紙(印刷物)に対する信頼というものは、古来、ずっとあります。また、紙の社内報は見開きでA3にもなりますし、奥の手(=観音開き)を使えば、ものすごく俯瞰性に優れたものになります。携帯性も記録性も確かですし、脳科学の研究ではパソコンの画面に映し出された文字、人間の脳はドット、あるいは「画像」としてしか識別せず、頭にずっと残らないそうです。

一方で、紙の場合、印刷という工程を挟むために情報の鮮度は格段に落ちます。また、動画などを入れ込むことはもちろんできないので、メディアをミックスさせることが難しいことは確かです。

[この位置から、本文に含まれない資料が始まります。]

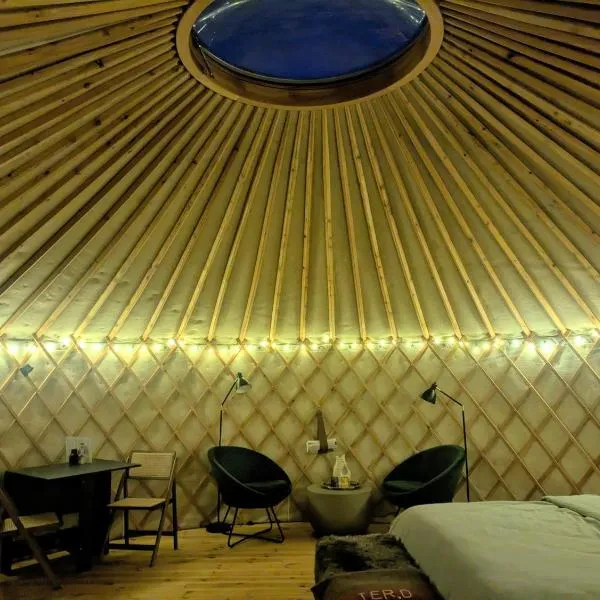 Jurte mit Kaminofen, Sauna & Sternenhimmel- Hasseldorf 10,位于Lindenberg的酒店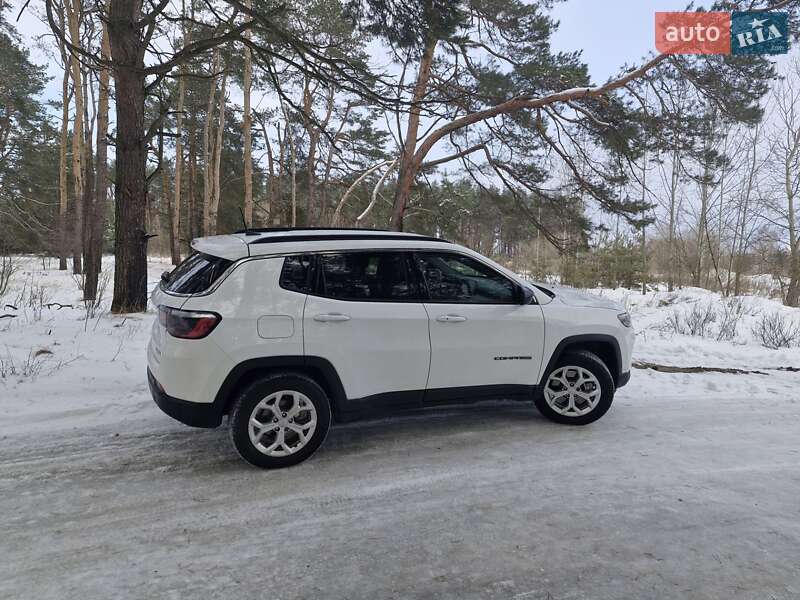 Внедорожник / Кроссовер Jeep Compass 2024 в Киеве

ウェブの良さはその反対。情報の鮮度は抜群で、速報性に優れており、動画をリンクさせたりもできますし、アンケート機能もつけられる。さらに読者がどんな記事を読んだかという、アナリティクス機能もつけられるので、その傾向値を掴むこともできます。

だからこそ「戦略」なんです。社内報をどのようにしていきたいか、どのように利用すべきかという企業としての「戦略」を持たせることが重要なのです。だから「紙vsウェブ」ではないのです。ましてや「絶対ウェブ」でもないんです。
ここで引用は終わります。